The CQC evidence that the wards were understaffed and staff knew what needed doing. And the Trust board spent a lot on management and moved from generating loss to generating surpluss. What have the Trust done to support nursing colleagues on the ward?

They closed the ward. They appointed a lot of Modern Matrons. They appointed a Director of Nursing.

Okay, I'm sold that they need the Director of Nursing but the Board minutes reporting ". . . outstanding concerns against overspending on in-patient wards and [the Director of Finance] pointed out the need to ensure optimum ward rotas," leaves me cold. More nurse management, less ward nurses.

The pages on community staff levels, case loads of 27.2 cases/staff is a whole post in itself, with community resources and practice meritting discussion. But to stay vaguely on topic, suffice to say that governance of ward process and staffing on the in-patient ward lead to grim patient care.

How many Trusts are staffing in-patient units well? How many Trusts are staffing in-patient units, if not well, at least adequately? Gah. So it goes.

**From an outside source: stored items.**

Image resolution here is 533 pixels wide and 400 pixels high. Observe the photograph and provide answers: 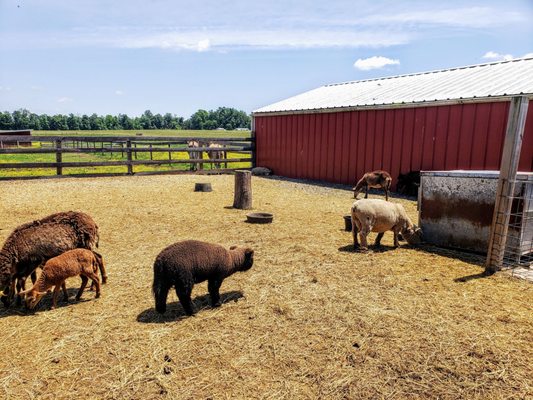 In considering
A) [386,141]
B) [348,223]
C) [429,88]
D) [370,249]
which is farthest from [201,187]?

Read the report from the CQC and see what you make of it.

5 comments:

The Shrink said...

"Recommendation 4
The Trust must ensure that it has adequate and standardised numbers of medical and nursing staff at all of its inpatient units, as well as sufficient numbers of community mental health workers to reflect the greater emphasis on treatment in the community."

Interesting.

Doctor Zorro said...

Yorks & Humber SHA, Airedale & now Scarborough.
What has Yorkshire done to deserve such universally and consistently shite management

Eileen said...

My daughter is in Scarborough Hospital regularly as part of her job. She lives in our flat in Whitby and has forbidden us to even think of retiring to it as there is the risk of ending up in Scabs if we're ill. She has told all her colleagues that if she is ever in need of a hospital will they please do all they can to ensure she is sent in the opposite direction - to Middlesborough, longish way, good hospital.

Nurse Anne said...

What we have to remember is that these trusts are lying through their teeth.

Their stats...everything.

They could have enough qualified nurses providing direct patient care on the wards if they wanted to invest in that. But they don't.